The problem of finding reliable clinical and morphological criteria for diagnosis and prognosis of serous borderline ovarian tumors, their relationship with the risk of developing of low-grade serous ovarian carcinomas (LGSC) in future is still relevant. This study is devoted to research and highlight of precursors that allow dividing women with serous borderline ovarian tumors (SBOT) into risk group for occurrence of LGSC within next 5 years. The study included 22 patients with FIGO stage I-II SBOT aged 24 to 46 years, 9 (39.13%) of whom were diagnosed with high-grade serous ovarian carcinoma next 5 years. Two study groups were formed: the control group (n = 13), which included patients with SBOT without further development of LGSC, and the main group (n = 9), which included women with emerging LGSCs.

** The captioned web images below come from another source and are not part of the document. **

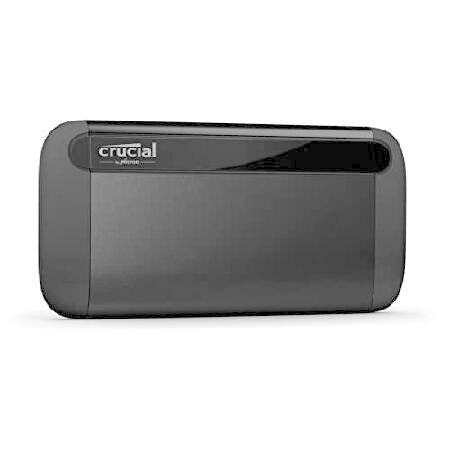 Crucial X8 4TB Portable SSD - Up to 1050MB/s - PC ...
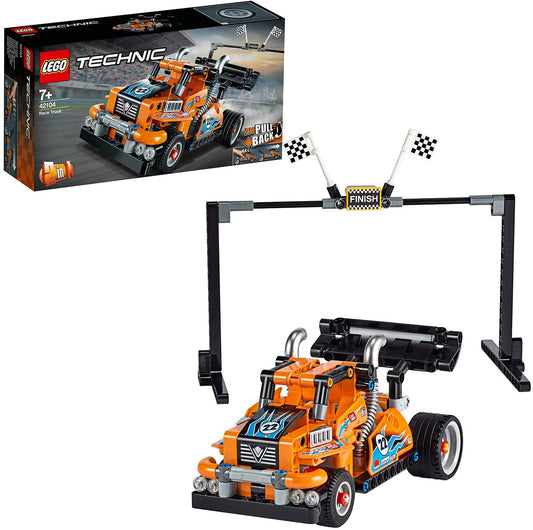 LEGO 42104 - Technic Race Truck Toy to Racing Car 2in1 Model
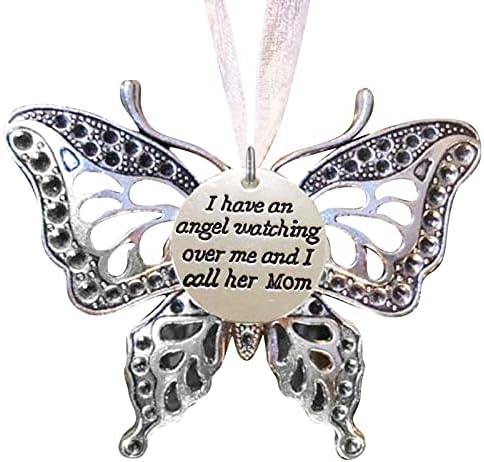 Креативна Куха Дърворезба, Изящни Пеперуди Паметник Семеен Висулка Коледно Дърво за Украса на Колата Огледало за Обратно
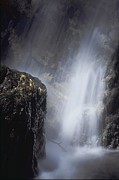Pfeiffer Falls Closeup Photograph by Ken Dietz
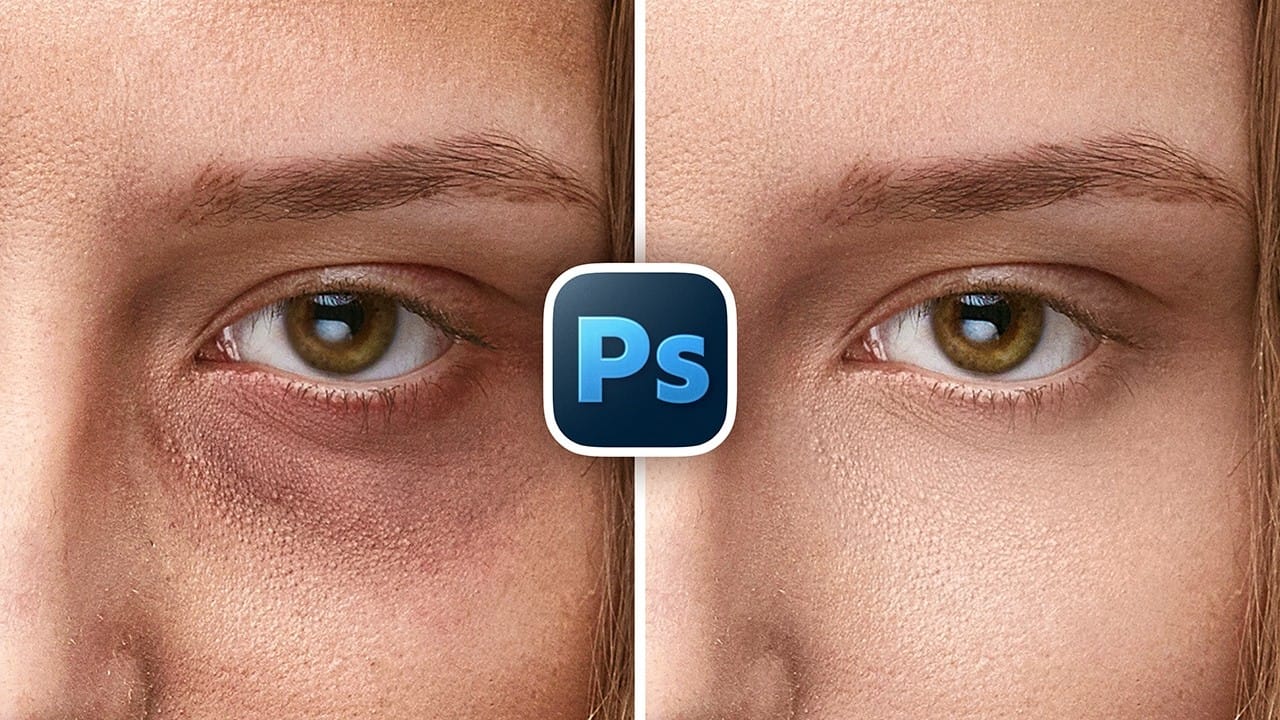 How to Remove Eye Bags Using Dodge and Burn in Photoshop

We studied expression of immunohistochemical markers Ki-67, MMP-9, p53, Bcl-2, E-cadherin, and also a diameter and localization of the tumor. As a result of the study, it was found that patients with diameter of the SBOT≥10 cm (χ² = 6.0, p <0.03), FIGO stage II (χ² = 4.7, p <0.03) and Ki-67 expression ≥10% (χ² = 9.03, p <0.03) have a high risk of developing LGSC within next 5 years. In the group of women who underwent LGSC development, there was a tendency to more pronounced expression of MMP-9 (χ² = 4.18, p <0.04) and moderate and pronounced expression of Bcl-2 (χ² = 9.66, p = 0.008). According to our data, markers Ki-67, MMP-9, Bcl-2 are prognostic and can be used as markers of LGSC risk in women with a history of SBOT. Tumor diameter ≥10 cm is also a predictor.